Sixty Days and Counting

Whereas Vernor Vinge’s Rainbows End (reviewed below) presents a harsh, dark, and edgy world that is more virtual than real, Kim Stanley Robinson’s book, Sixty Days and Counting, is a story that is full of nature, nature writing, and natural philosophy, even though most of the story takes place in Washington DC.
Like Rainbows End, Sixty Days and Counting is an example of near-future science-based speculative fiction. The pacing is more leisurely, but then again, so is the pace of the Threat to Humanity that is depicted in this book: Global Warming (we frogs-in-warming-water still have a bit of time to reflect on this particular disaster—is it really getting warmer? Are we causing it? Can we afford to do anything about it? Can we not? We certainly need not mobilize the marines. But I digress.)
Whereas Vernor Vinge is a computer scientist and mathematician who seems to enjoy writing about such poet-laureates as his character Robert Gu, Mr. Robinson is an English PhD who seems to enjoy writing about scientists. This affinity seems to run deep for him: His other books are full of scientists as well, plus, he is married to a one.

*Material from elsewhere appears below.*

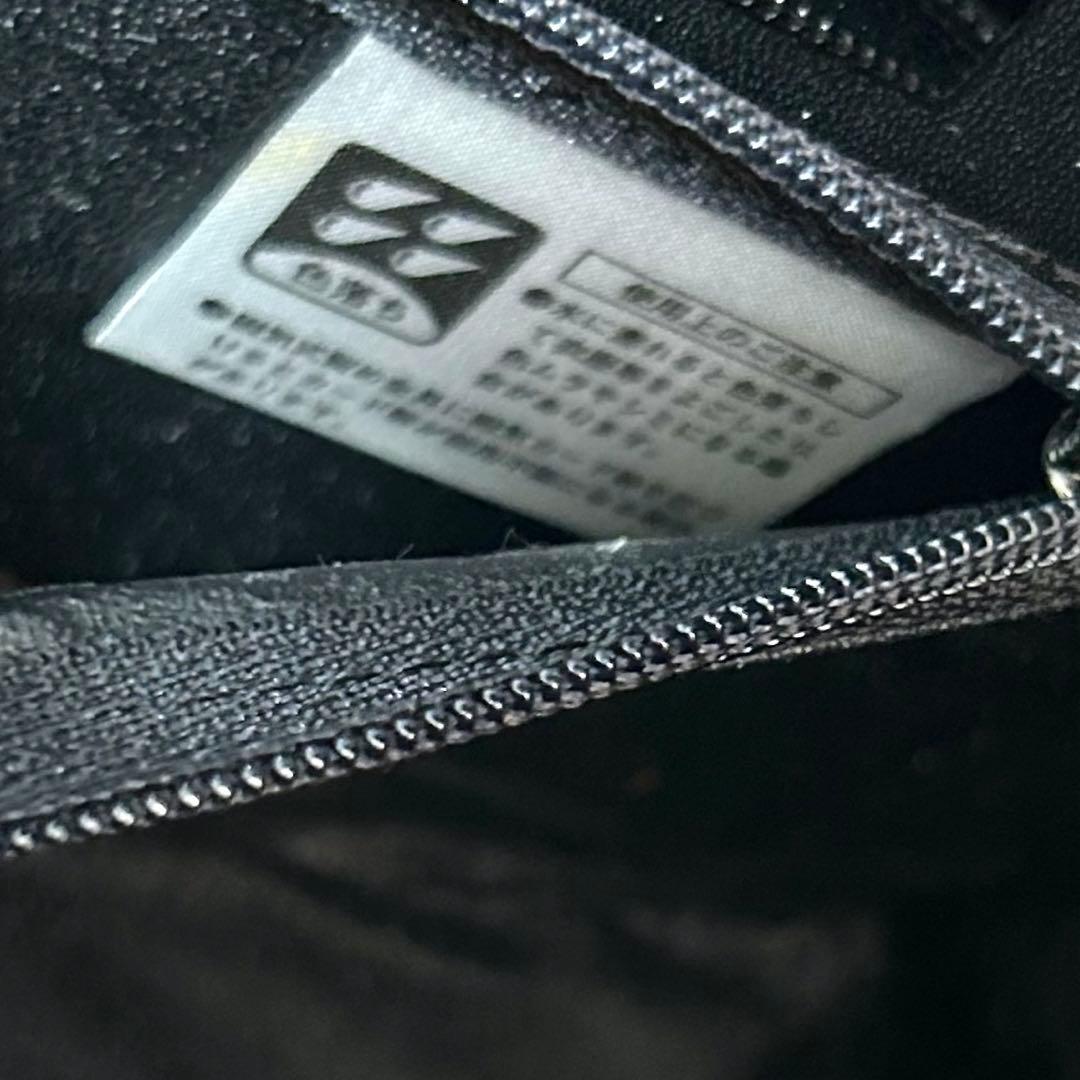 GIVENCHY カーフレザー　ハンドバッグ　ボックス　スクエア　ブラック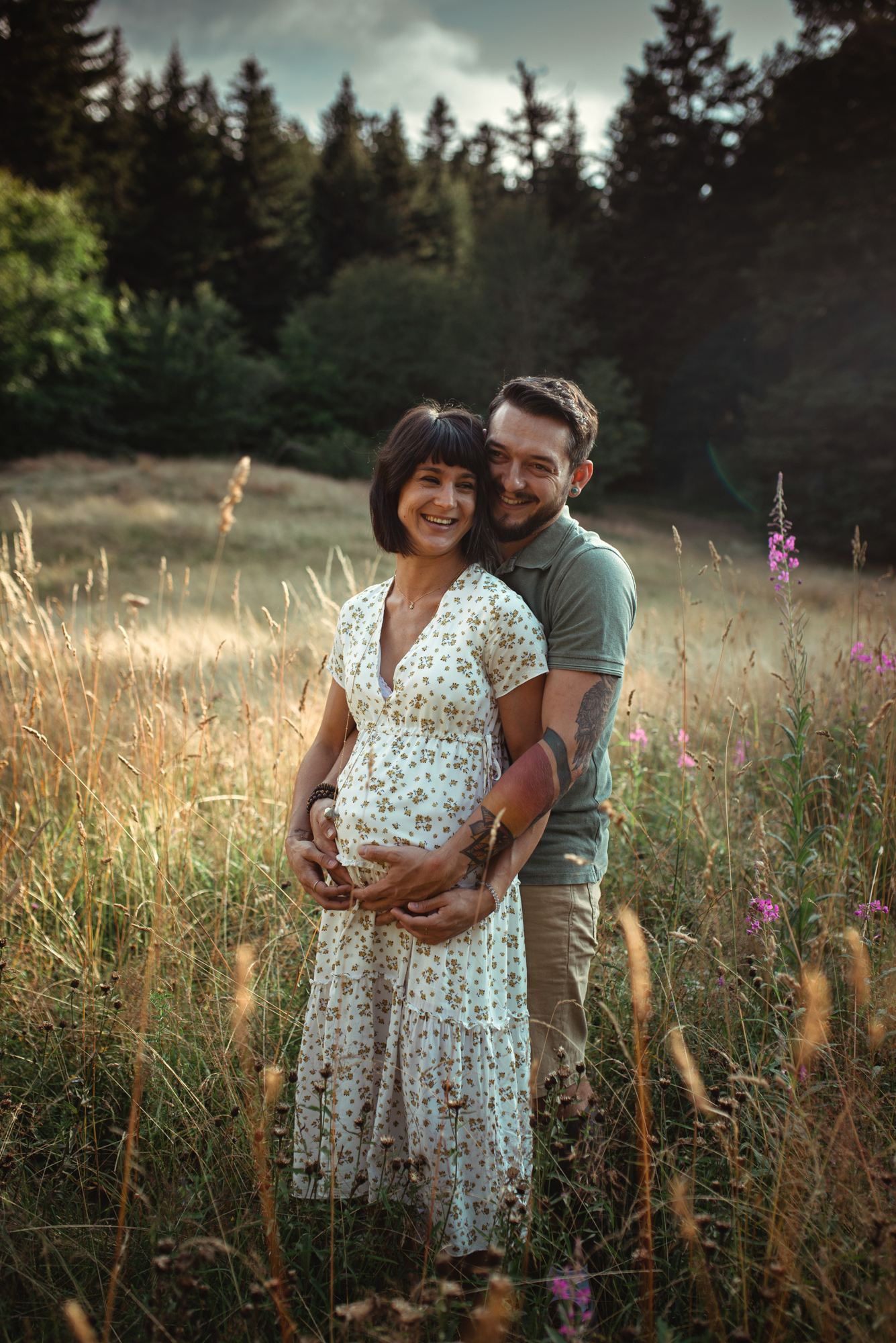 photographe grossesse saint etienne couple dans la foret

Now to the story: Sixty Days and Counting is the third of Mr. Robinson’s Science-in-the-City series, a trilogy about the efforts of an earnest group of scientists and politicians to deflect the coming global disaster that is global warming. The old Washington-DC guard has been ousted, and a new president with high ideals has been elected. He and his team struggle to lead an international response to the crisis while Frank, a scientist at the National Science Foundation gives us excitement and intrigue in the form of a mysterious girl friend (their story begins in the first book of this trilogy) who is apparently involved in a conspiracy to throw the presidential election. Frank is drawn by his love/lust for this lady into a dangerous "black-op" mess; he is bugged, followed, and harassed by shady characters with sophisticated technology and government funding.
Frank is also the source of much that is beautiful about this book; his story (and this is why I really fell for this book) mixes in Buddhism via his interactions with the members of an Asian nation displaced by rising sea levels; and his own ruminations are the vehicle in which Mr. Robinson gives us an in-depth tour of the writings of Emerson and Thoreau and of their friendship with each other. Frank's fascination with these men belies Mr. Robinson's own love of Thoreau and Emerson, and it has spurred interest on my part as well. As a fun web-imitates-writing kind of we, Frank often accesses a website called emersonfortheday.com, a website that only came into actual existence when one of Mr. Robinson’s fans created it.
Though some may dismiss this book as just more doomsday writing, and therefore either too boring or too terrifying to read, the gentle treatment given by Mr. Robinson to the global-warming crisis through his characters, their relationships, and their philosophies make this book too enriching to pass up. Bring a copy with you to the hot tub!